The Copy Conundrum

A Thing Of Mystery.

I want to write a little about copies today. In New York City, they are especially valuable. So valuable, in fact, that companies would not want us to know their worth. “How could that be? My company doesn’t pay copies!” “My company only pays 15 cents!” “Mine only pays 25 cents!” “Mine only pays 50 cents!” Perhaps we should all be sitting down for the information that follows.

Free Market Rules.

In New York, we might be shocked to learn that, for better or worse, there are no rules. Private companies may charge whatever they wish for the record. This is not an inherently bad thing. It allows them to compete and profit. However, what is a bad thing, is that many reporters graduate school without ever really knowing about copies. The cycle is to get out of school, be offered a low copy rate, and assume that copies are not worth very much because everyone offers low copy rates.

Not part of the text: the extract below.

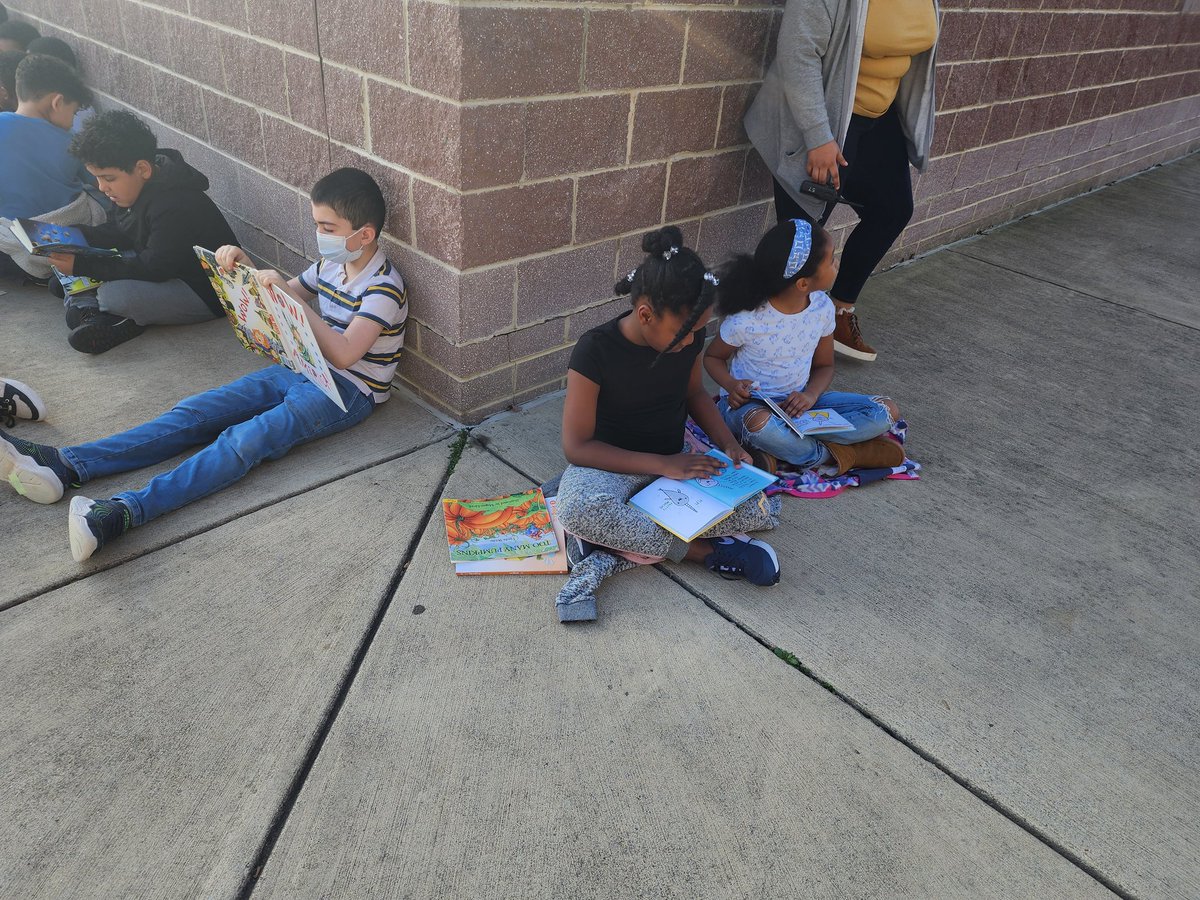 ms_speights's tweet photo. It was a beautiful day to Drop Everything and Read!
@SwansCreekES @SWANSPrincipal https://t.co/railly3xem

Time for a truth bomb. Companies can charge as much as or more than the original transcript for a copy sale. If you are on a job for a company’s client, and they’re charging $4.00 per page on that original and giving it all to you, that might seem like a pretty sweet deal. Now imagine there is a copy, and they are charging $4.00 per page for that copy. You have done literally all of the transcript work, and you get none of the tax write-offs of printing or binding the transcript, and they are making about an equal share. Add one more copy, and they’re making double what you are.

But They Need Money, Too!

Over the years, I’ve made this argument that people need to start asking for more for those copies, and it’s often met with “well, companies need money to stay in business and get us the jobs.” I hear you, and to some extent I’ll agree with you, but let me counter that by saying they’re not hurting. Do a little critical thinking: If our agency has a satellite office in every borough and and army of proofreaders, they’re doing pretty good. They are profiting off of our unwillingness to ask for more. We are doing our fair share by putting out excellent work every time we go out there, and it is entirely fair for us to have a larger slice of each individual pie, and for them to benefit from their bulk work. Think of how many hours it takes us to take down and perfect a 300-page transcript. It’ll take maybe an hour to print and bind. Add a single copy, and they’re making in one hour what took us all day.

But Let’s Be Fair.

There are, of course, costs to running an agency that we don’t have to deal with. Generally, we don’t deal with clients that don’t pay. Generally, we don’t deal with haggling over a bill. The truth is a lawyer may call up on that $4.00 per page copy bill, and they might negotiate themselves down to half of that bill or less, if the agency would rather have the money now than fight it out in Commercial Claims Court. So do agencies always make bank off the copies? Nope. That said, we have a duty to ourselves to always push for more, because we are freelancers, we are receiving no guarantees, and so it is incumbent on us to make the most we can out of each individual job.